If you were absent, just do it on a piece of paper. Draw a picture showing an example of civil disobedience from the movie. Write an explanation of what you drew, AND what makes it civil disobedience.
By the numbers:
I mentioned in yesterday's post that the number of people killed during the partition of India was between several hundred thousand and 2 million.
That's a lot of people for a war, let alone a "non-violent movement." (In quotes, because in spite of Gandhi, there was a lot of violence... but you got that...)
...I just looked up some war numbers. You can check them out.

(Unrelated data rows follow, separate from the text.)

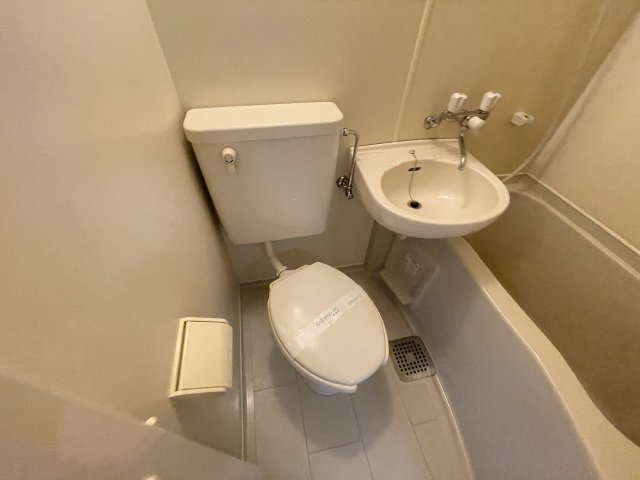 トイレ　トイレもきれいです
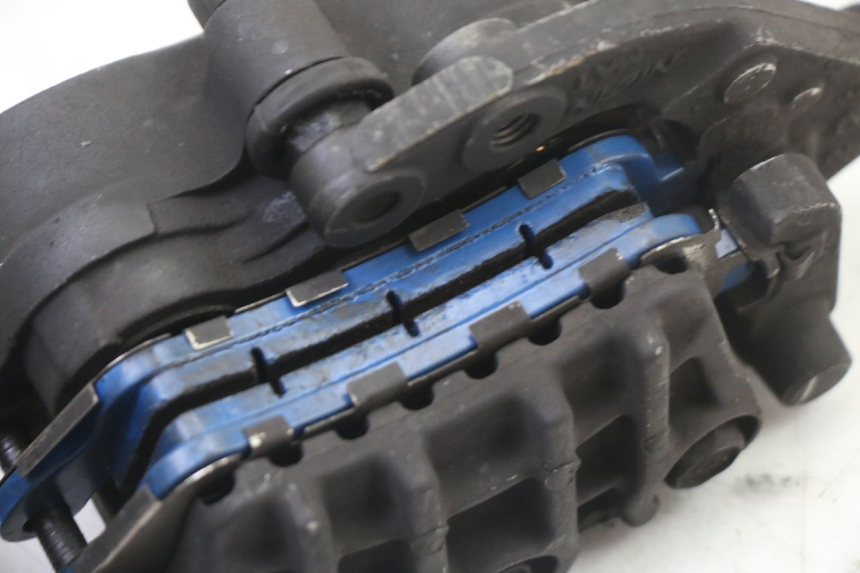 photo de FRONT BRAKE CALIPER HONDA ST PAN EUROPEAN 1300 (2002 - 2013)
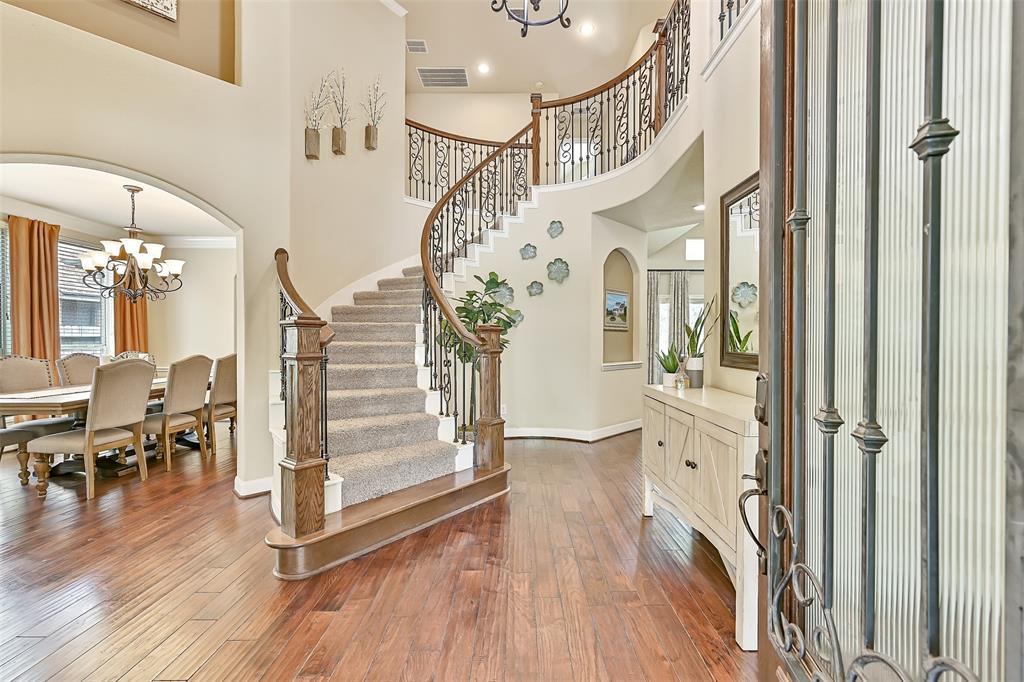 1013 Bolivar Point Lane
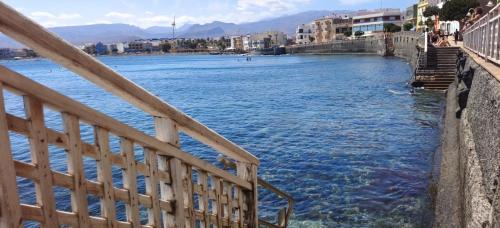 Playa de Arinaga House | la casa del primo yo trabajo y tú beneficio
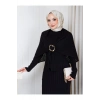 KADIN PELERİN DETAYLI PİLİSELİ BROŞ DETAYLI UZUN TRİKO İKİLİ ELBESİ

There are a LOT of major wars with fewer than a million (or two million) deaths.
(And we're only talking about the deaths during the partition...)
The American Revolution (depending on the source) had a total of somewhere between 55,000 and 100,000 people killed. (See here, for instance.) That's SO much less than 2 million.
Of course, the population was smaller back then, and should be taken into account.
Still, with all the similarities between the two: fighting the British, wanting freedom, wanting to keep money within the continent/country... It's easy to see why the line at the end of Gandhi, "He thinks he's failed" resonates.
I wasn't sure how much my students knew about the US Revolution, so I played some School House Rock while they were working:
Students can get extra credit if they read and discuss this post with an adult. To get credit, write down three questions you answered, and write down the answers. (Or three discussion points.) Have the adult you read and discussed the blog with sign the paper you write on. Make sure your name is on it, and turn it in tomorrow.